となると、ロジカルシンキングとは「筋の通った考え方」となります。では、少なくともビジネスシーンで概ね当てはまる筋の通った考え方とはどのようなものか? これが、私のロジカルシンキングの定義になります。

で、ここからは完全に私見ですが、ここでの(ビジネスシーン全般であてはまる)「筋の通った」とは、「一貫性」と「関係性」が維持されたと読みます。前まで話していたことと一貫性がなければ、聞いている側は話についていけません。それから、AとBとの関係性が分からなければ、いろいろな事象をバラバラに捉えることになり、それはそれで大変になります。ということで、次のような定義を大胆にもしておきたいと思います。

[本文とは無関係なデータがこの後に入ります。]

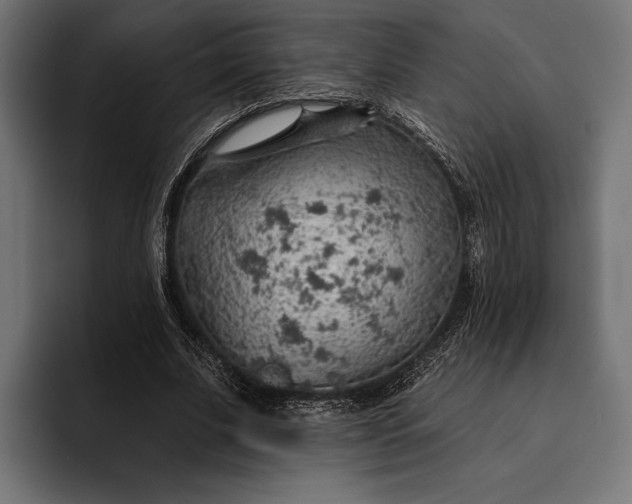 X0000093110679200710101022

 ロジカルシンキングとは、一貫性と関係性が維持された思考のことである

ここで一貫性はまあイメージできます。端的に言えば「この前言ったことと違うこと言っているじゃん」というのは一貫性がありません。私たちはあちこち筋を通そうとすると、言っていることが場面によって変わることがあります(政治家の答弁のようなものでしょうか)。これは一貫性に欠ける、つまりロジカルではない、ということです。

もう一つの関係性はいろいろありそうで、まだ個人的に整理できていません。現時点では、次の3つでしょうか。
・全体と部分:ビジネスで使う演繹的な推論は、ほぼ全体と部分の関係で説明できます。ということで、この関係性を押さえることは筋を通す意味で重要
・抽象と具体:これもビジネスシーンでは重要です。「具体的に話せ!」「もう少し個別事例でなく、他でも当てはまるような観点で説明してくれないか」こうした問いに対して求められるのは、具体的なものを抽象的なものにしたりその逆だったりします
・時間:時間的な前後関係というのも結構重要(だと思いますが、今は十分説明できません)

今、ロジカルシンキングと称して紹介される手法のほとんどは、上記の一貫性と関係性を維持するためのものです。これくらいだと、結構自由度はあるような気がしますが、果たしてどうでしょうか??